━━ Data block

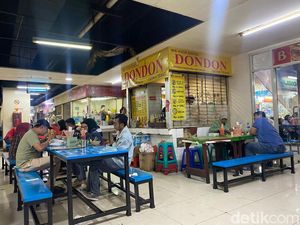 5 Alasan Karyawan Kantoran Lebih Doyan Makanan Kaki Lima 5 Alasan Karyawan Kantoran Lebih Doyan Makanan Kaki Lima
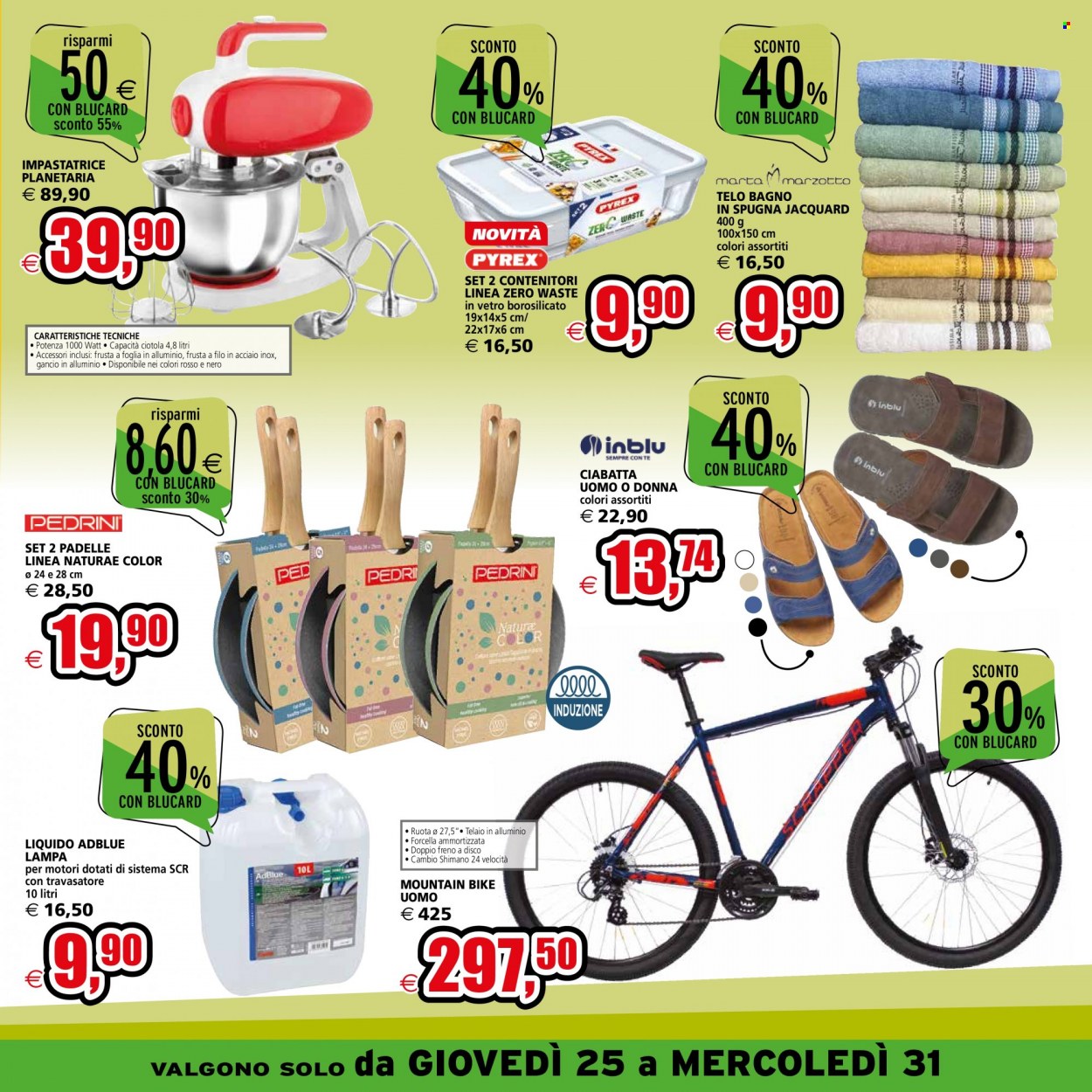 Volantino Il Gigante - 18/5/2023 - 31/5/2023. Pagina 5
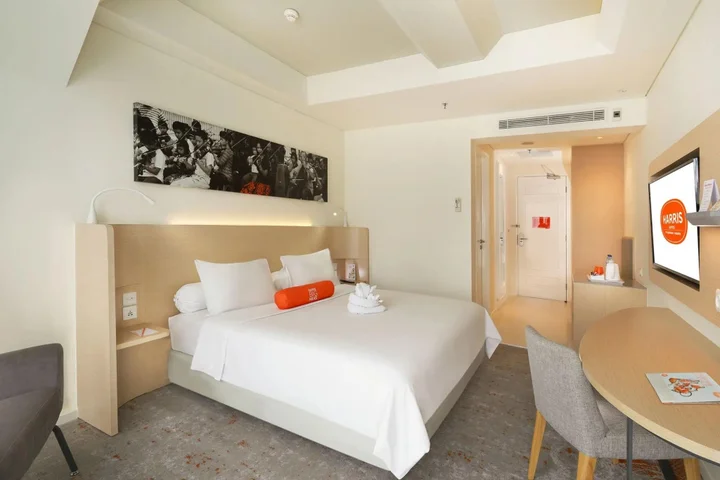 Джакарта: HARRIS Suites fx Sudirman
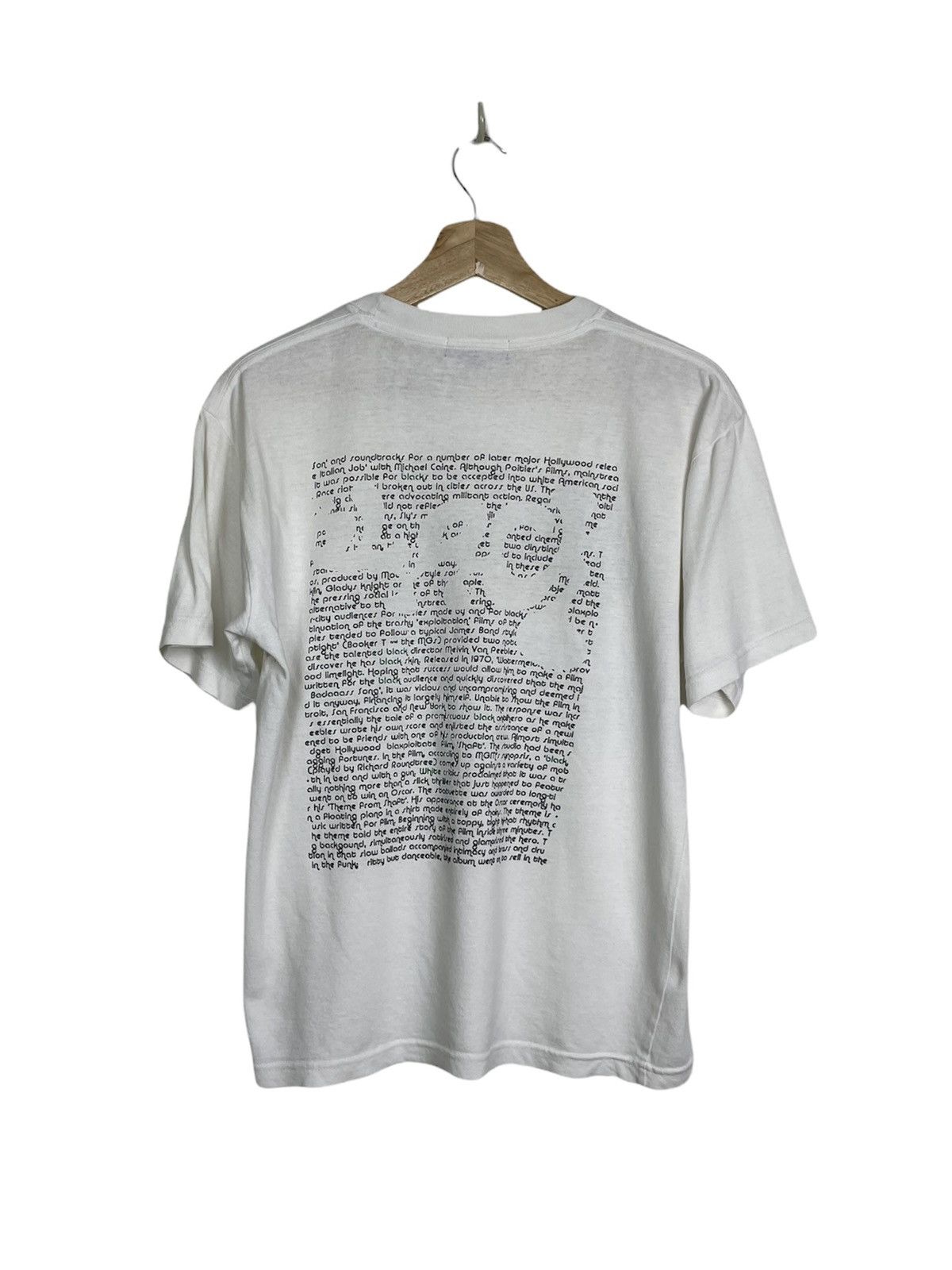 Designer × Japanese Brand Kazuki Kuraishi MFSB “Black Pride” | Archive Tee Japan Size US M / EU 48-50 / 2 - 2 Thumbnail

━━━━

• _Brief_: Leave out the pictures, then reproduce exactly the run of lines from the one that contains "Джакарта: HARRIS Suites fx Sudirman" to the final line of the listing above.

• _Result of the task_:
 Джакарта: HARRIS Suites fx Sudirman
 Designer × Japanese Brand Kazuki Kuraishi MFSB “Black Pride” | Archive Tee Japan Size US M / EU 48-50 / 2 - 2 Thumbnail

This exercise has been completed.